Paine gave Warner time to better Bradman

Scott Bailey
Tim Paine gave David Warner longer than planned to try and break Don Bradman's score of 334

Tim Paine let David Warner bat longer than planned to beat Don Bradman's top score of 334, but Brian Lara's world record of 400 was always out of the question.

Warner's shot at 400 was denied at the Adelaide Oval on Saturday, as Paine declared Australia's innings on 3-589 and Warner unbeaten on 335 against Pakistan.

The left-hander on Saturday night backed the call, revealing he'd been aware of the plan for an hour before the the declaration with the team needing to prioritise a win.

However, he admitted there was a slight change in the plan.

With the planned declaration time at 5:40pm and Warner motoring on 330no, Paine left him out there for one more over to reach the second highest score by an Australian and go past Bradman and Mark Taylor.

"I came in during that (tea) break and asked 'when are we declaring?; and they said around 5.40," Warner revealed.

"So I kept on asking when we were out there. We got to 5pm, 5:10 and I was making sure that that was still the message.

"And it was until that last over before it just ticked over and Painey wanted me to try and get past that 334 mark.

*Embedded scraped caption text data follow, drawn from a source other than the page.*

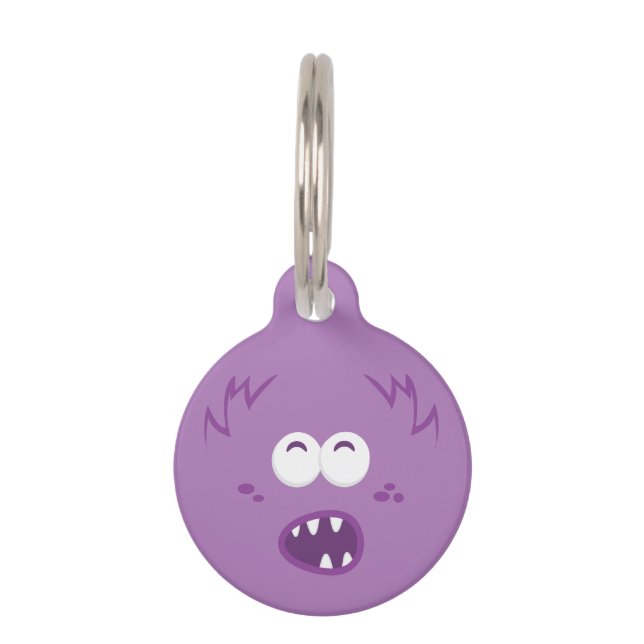 Médaillon Pour Animaux Balise Chien Visage du Monstre Violet (Devant)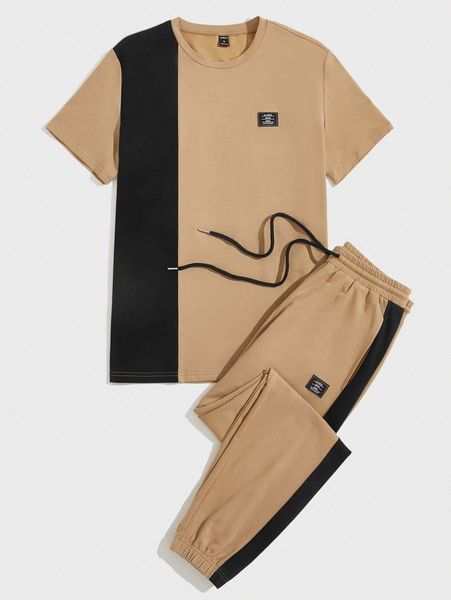 

men color block tee & drawstring waist sweatpants set s2qz#, Gray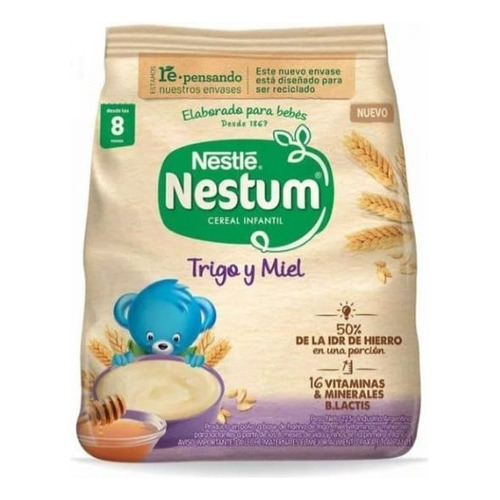 Nestum cereal infantil trigo y miel sin azúcar agregada 225g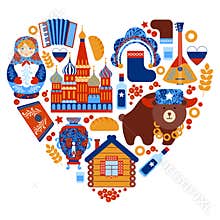Russia travel heart set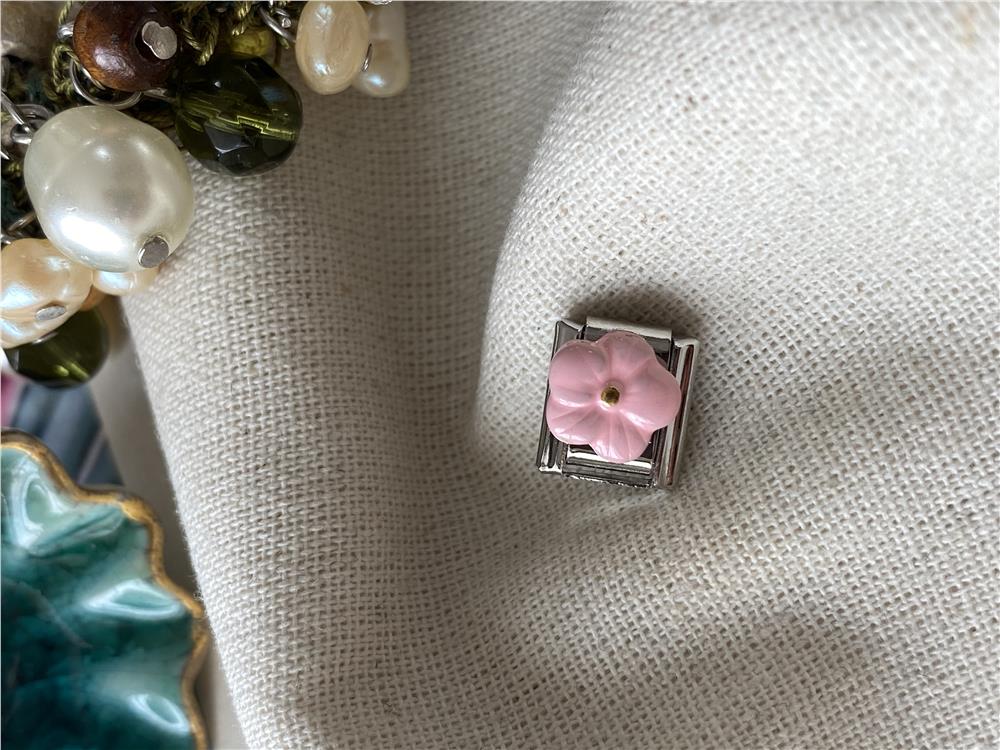 Çelik Pembe Çiçek İtalyan Charm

"To achieve passing Sir Donald Bradman's highest Test score ... It's something in the back of your mind you never think you're going to get yourself."

Bradman's 334 wasn't the only mark Warner bettered, as his triple-century over took The Don's record of 299no as the highest Test score at the Adelaide Oval.

In a tough day for the country's greatest ever batsman, Steve Smith also surpassed his mark of 6996 runs to go down to 12th on the all-time Australian list.

Meanwhile Warner would still likely have needed close to another hour to challenge Lara's mark, taking Australia towards the dinner break.

No doubt front and centre of Paine's mind was rain forecast over the remaining days, and the 60 points on offer for a win in the World Test Championship.

Warner though insisted it was the right one, as Australia's bowlers made use of the extra overs before stumps to leave Pakistan reeling at 6-96.

"We really looked at the weather that is around (Sunday)," Warner said.

"It wasn't a thing in our mind to go out there and try and get that record. It was more about putting our team in a great position to try and win the Test

"If there is a bit of rain about tomorrow the bowlers get a good rest, then you only have to get 14 wickets in the last two days."